Data for this task Block Start

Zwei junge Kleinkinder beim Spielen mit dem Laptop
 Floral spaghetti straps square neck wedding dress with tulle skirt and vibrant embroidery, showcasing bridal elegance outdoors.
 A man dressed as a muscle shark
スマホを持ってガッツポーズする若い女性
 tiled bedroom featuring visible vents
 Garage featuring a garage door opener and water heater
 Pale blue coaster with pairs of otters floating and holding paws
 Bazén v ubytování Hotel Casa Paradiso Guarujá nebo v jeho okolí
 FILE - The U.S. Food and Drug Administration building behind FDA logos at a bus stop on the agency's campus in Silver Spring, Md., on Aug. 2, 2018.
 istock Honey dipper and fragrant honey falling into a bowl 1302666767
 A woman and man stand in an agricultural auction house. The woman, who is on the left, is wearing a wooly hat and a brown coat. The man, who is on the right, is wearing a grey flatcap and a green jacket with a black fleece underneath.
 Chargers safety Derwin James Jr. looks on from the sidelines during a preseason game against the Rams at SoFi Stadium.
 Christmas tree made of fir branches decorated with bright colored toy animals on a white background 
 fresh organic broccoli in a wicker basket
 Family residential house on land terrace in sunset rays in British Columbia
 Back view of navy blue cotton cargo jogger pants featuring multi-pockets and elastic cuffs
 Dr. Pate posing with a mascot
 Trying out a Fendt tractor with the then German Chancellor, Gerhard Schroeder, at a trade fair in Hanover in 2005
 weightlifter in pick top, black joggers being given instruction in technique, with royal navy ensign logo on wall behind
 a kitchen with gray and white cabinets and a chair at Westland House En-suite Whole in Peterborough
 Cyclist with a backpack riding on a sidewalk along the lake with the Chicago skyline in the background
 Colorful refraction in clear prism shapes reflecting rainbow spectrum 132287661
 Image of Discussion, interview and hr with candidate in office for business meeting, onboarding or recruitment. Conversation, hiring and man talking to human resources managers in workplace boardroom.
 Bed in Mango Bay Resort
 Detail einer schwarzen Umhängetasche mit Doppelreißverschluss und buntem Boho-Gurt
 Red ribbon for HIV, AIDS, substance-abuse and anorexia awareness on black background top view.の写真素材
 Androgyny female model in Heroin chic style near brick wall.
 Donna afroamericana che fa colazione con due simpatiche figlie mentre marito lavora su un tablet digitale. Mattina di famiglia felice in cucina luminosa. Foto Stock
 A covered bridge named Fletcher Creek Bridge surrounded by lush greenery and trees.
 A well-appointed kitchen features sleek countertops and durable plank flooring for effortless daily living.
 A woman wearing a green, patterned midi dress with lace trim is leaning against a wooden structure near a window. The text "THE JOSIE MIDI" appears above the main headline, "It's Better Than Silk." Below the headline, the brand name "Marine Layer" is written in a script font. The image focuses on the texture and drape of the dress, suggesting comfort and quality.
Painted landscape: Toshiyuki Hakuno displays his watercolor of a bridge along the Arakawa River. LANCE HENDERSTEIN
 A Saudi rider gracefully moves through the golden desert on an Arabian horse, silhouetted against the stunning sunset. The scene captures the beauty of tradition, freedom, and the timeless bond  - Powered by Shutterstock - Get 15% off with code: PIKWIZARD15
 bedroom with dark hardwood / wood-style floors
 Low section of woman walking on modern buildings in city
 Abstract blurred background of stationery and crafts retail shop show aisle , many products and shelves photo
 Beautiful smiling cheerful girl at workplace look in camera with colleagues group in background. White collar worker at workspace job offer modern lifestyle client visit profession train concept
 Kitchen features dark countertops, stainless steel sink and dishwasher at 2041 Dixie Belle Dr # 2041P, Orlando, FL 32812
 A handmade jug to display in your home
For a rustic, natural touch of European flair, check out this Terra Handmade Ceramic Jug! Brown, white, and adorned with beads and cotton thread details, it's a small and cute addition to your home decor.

Data for this task Block End

What you need to do:
Among the lines of the data, some may contain the string "features"; report how many, and nothing more.

Exercise output:
2